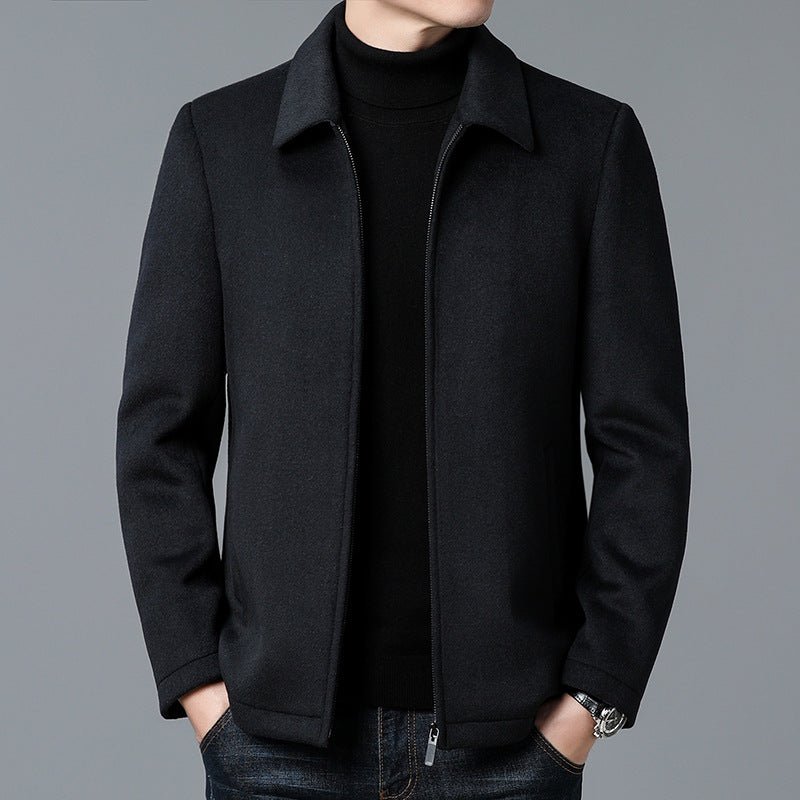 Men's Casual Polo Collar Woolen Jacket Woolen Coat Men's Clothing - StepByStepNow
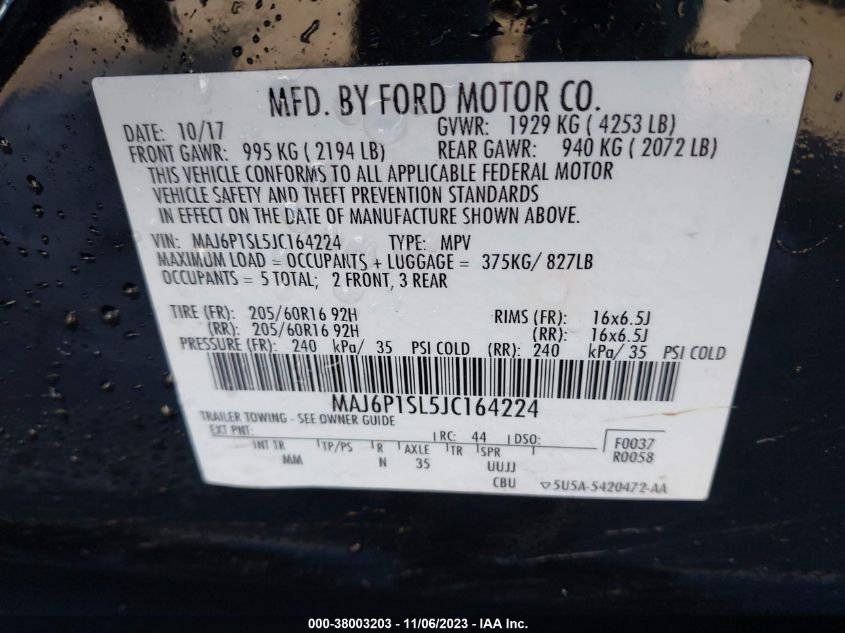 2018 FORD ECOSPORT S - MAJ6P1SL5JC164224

***

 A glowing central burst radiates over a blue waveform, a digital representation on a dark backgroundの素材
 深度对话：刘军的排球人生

***

EXERCISE DESCRIPTION: The line above containing "A glowing central", the line containing "深度对话：刘军的排球人生", and every line between them are to be transcribed exactly; no other line is wanted.

FINISHED TASK:
 A glowing central burst radiates over a blue waveform, a digital representation on a dark backgroundの素材
 深度对话：刘军的排球人生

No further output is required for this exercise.